Beginning with a first-place finish in the C-4 1000 m event at the World Cup in Paris, France, he acquired a total of six medals over the course of 2001, including first in the C-1 JrM 1000 m event at Canadian Sprint Canoe Championships in Lac-Beauport, Quebec. In August 2002, he had a second-place finish in the C-4 1000 m event at the same tournament in Minnedosa, Manitoba. That same year, he also took third place in the junior C-1 500 m event at the Pan American Sprint Canoe Championships in Lake Placid, and in the C-2 1000 m event at the Pan American Canoe Championships in Curitiba, Brazil. In August 2003, he came in first in the C-1 1000 m event and third in the C-1 500 m event at the Pan American Games that were held in Santo Domingo, Dominican Republic.

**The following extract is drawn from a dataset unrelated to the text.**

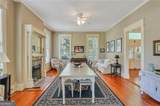 827 Union Street - Photo 15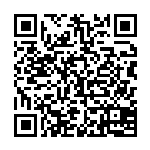 QR Code: http://docs.daz3d.com/doku.php/public/read_me/index/84633/file_list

After a third-place finish at the Canadian Olympic Trials in Montreal, he earned seven additional top three finishes in 2004, including wins in the C-4 1000 m event at the World Cup in Račice, Czech Republic and the Junior C-1 500 m event at the Canadian Championships in Dartmouth, Nova Scotia. In 2005, he placed first in the C-1 500 m event and second in the C-1 1000 m national team selection trials in Montreal. At that year's Canadian Championships, also held in Montreal, he placed second in the C-1 1000 m event. In 2006, he placed second and third in the C-1 500 m and C-1 1000 m events respectively at the National Team Trials in Lake Lanier, Georgia. That year, at the ICF World Cup in Duisburg, Germany, he placed first in the C-1 4 × 200 m event and ended the year with a second-place finish in the C-4 1000 m event at the Senior World Championships in Szeged, Hungary.

After five international top three finishes in 2007, he acquired an additional eight top three finishes in 2008 before the 2008 Summer Olympics in Beijing. Included among these were first-place finishes in events at the Continental Olympic Qualifier and the National Team Trials in Montreal and the IFC World Cup in Duisburg and Poznań, Poland. The win in Poland solidified his winning of the 2008 overall World Cup Champion in the Canoe Discipline. He is the first Canadian to win this title. He then went on to win a bronze medal in the C-1 1000 m event at the Olympic Games in the Shunyi Olympic Rowing-Canoeing Park, finishing half a second ahead of Vadim Menkov of Uzbekistan with a time of 3:53.653, but behind Attila Vajda of Hungary and David Cal of Spain. He credited his victory to "a sea change in [...] life" beginning in January, as well as a closer bond with his coach, Michael Creamer.